Over the past few years, the Data Mesh concept gained a lot of popularity in the data community, with large organizations talking about moving to work with it. But, what is it really, and could it save your organization?
In the following blog, Xomnia’s Lead Data Engineer Josko de Boer answers some of the frequently asked questions about Data Mesh, and tries to debunk as many of the myths that surround this increasingly popular concept as possible.
What's the difference between data lake and Data Mesh?
Data Mesh is a concept by which data is not stored centrally in one big data storage for the whole organization, but rather at the teams that generate this data. Even though it might sound simple, for many companies this approach is novel.
A data lake, on the other hand, is a large place to store all sorts of data. It is often a file/blob storage on the cloud. An organization can choose to create one big central data lake (data storage) for the whole organization.
With Data Mesh, on the other hand, we can have multiple, smaller data lakes that are hosted in different places throughout the organization. Note that Data Mesh is an architectural concept (distribution of responsibilities and tools), while a data lake is a concrete storage service found in a data platform.
What is the risk of centralizing data with data lakes?
Many organizations are finding that their central data (lake) team is increasingly becoming a bottleneck. As data becomes more central to an organization and its culture, the number of requests, use cases, and experiments starts to scale up. Meanwhile, finding skilled data employees to manage the central data lake is hard, and the costs necessary to keep it in top shape are large - and continue to grow.
One of the causes contributing to the bottleneck is the fact that central data teams spend a lot of time exploring the domain of certain products and activities within their companies They do this without directly understanding the business case and history of the IT infrastructure of that activity.
As a result, central data teams spend significant amounts of time on domain exploration without putting time into the central goal of the data team: Generating value from the data for the organization.
What is Data Mesh, and what are its advantages?
The term Data Mesh was coined by Zhamak Dehghani in 2019. The Data Mesh strategy doesn’t involve a ready-made architecture, but is more of a philosophy or a way of building up companies and the way they think about their data as a resource.
Data Mesh is based on four fundamental principles:
- Principle of domain ownership: The ownership, responsibility and domain knowledge of data lay with the product/activity team (the domain team). This means that analytical and operational data ownership is moved away from the data team towards the domain team.
- Principle of data as a product: Data is a product of each domain team. This means that the domain team is responsible for the analytical requirements of other teams, and is in charge of providing high quality data.
- Principle of self-serve data infrastructure platform: The data team focuses on creating a platform.
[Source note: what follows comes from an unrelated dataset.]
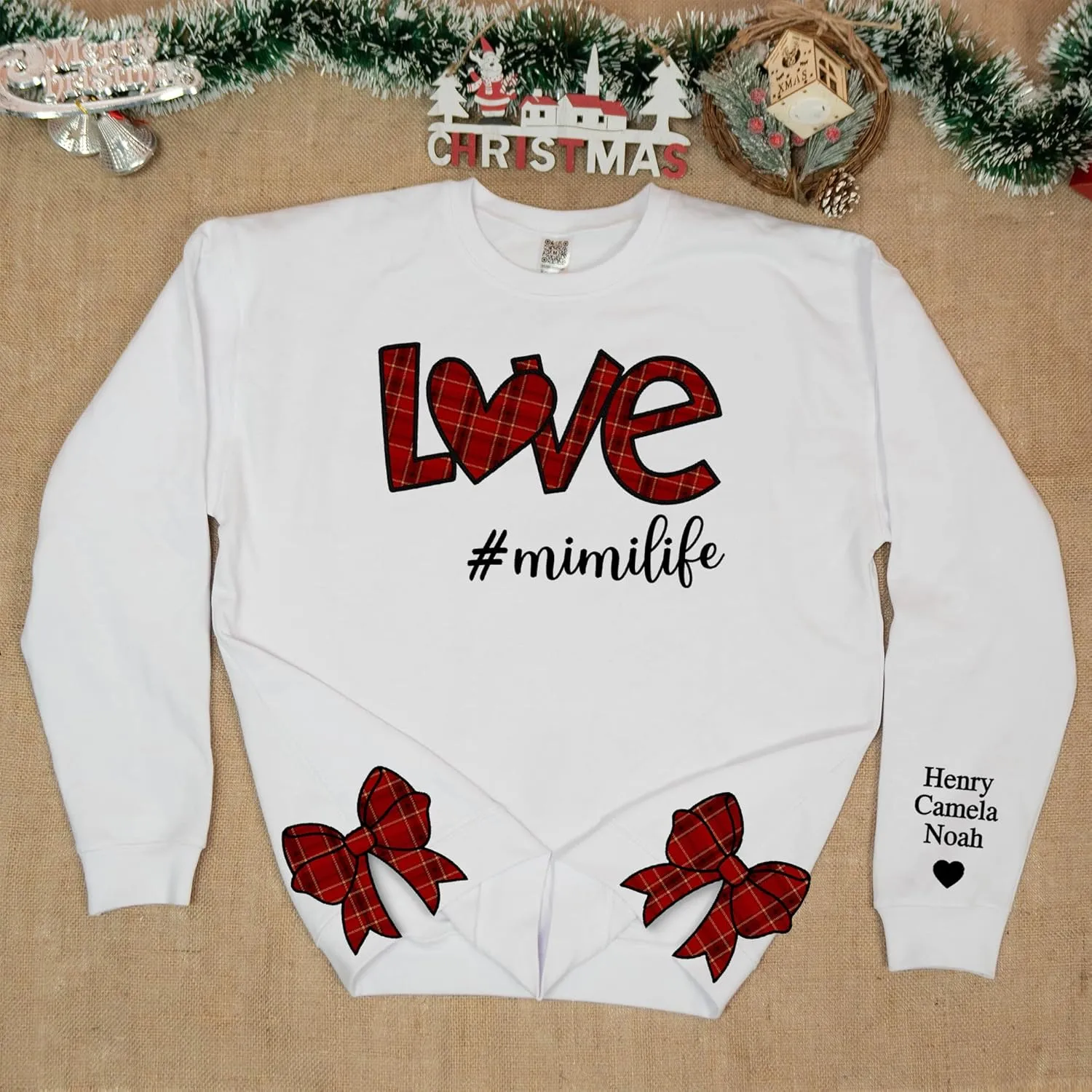 Custom Grandma Sweatshirt Embroidered, Side Slit Bow Grandma Life Sweater, Kids Names Sleeve, Christmas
This represents a central way of doing things and tooling so that the domain teams can easily take ownership of their data.
- Principle of federated governance: The interoperability of all data products requires standardizing them, a.k.a. centralizing terminology and data access. This covers the requirements of certifications like ISO or laws like GDPR. Governance is centralized for interoperability, documentation, security, privacy and compliance.
The principles of Data Mesh sound appealing for many reasons. Not only can the data team focus on their main goal, but also the people that know their domain are now in charge of that data and analytics, and are responsible for them. Below is an example that further demonstrates this:
Imagine that you work for a large retailer. The retailer has many business units focusing on different groups of products: Smart home, kitchen appliances, living room furniture, etc.
The primary sales statistics of each team are published by the respective domain teams, using the data platform tooling provided. When the smart home team is considering if they should expand into a coffee table with a built-in speaker, they can easily check how the coffee table sales are doing. But, they run into a small issue - the profit margin isn’t clear. They simply talk to the kitchen furniture domain team and the new information is added to their data product. The smart home team is now able to evaluate the business case for smart speaker coffee tables.
This contrasts heavily with the centralized data lake approach. The data lake takes all data into a repository of data in its natural format. It usually has several zones (e.g. bronze/silver/gold) of data that has been checked for quality, issues and consistency. In that approach, a central team is responsible for ingesting, transforming, enriching and publishing all data. That team lacks the domain knowledge to do this properly, usually leading to quality issues downstream. Simply put, no team can be a domain expert on all data in a (large) organization.
Even though the second scenario represents a good system that works in many setups, it lags behind the first scenario thanks to Data Mesh: Decentralized data with good tooling and a responsibility that lies with people who know the domain.
All this makes Data Mesh sound like a dream come true. But what about the other side of the coin?
What are the disadvantages of Data Mesh?
Data Mesh isn’t a one-size-fits all solution that any company can employ. In the sections below, I list a few downsides of Data Mesh that explain why it is not the best option for all companies.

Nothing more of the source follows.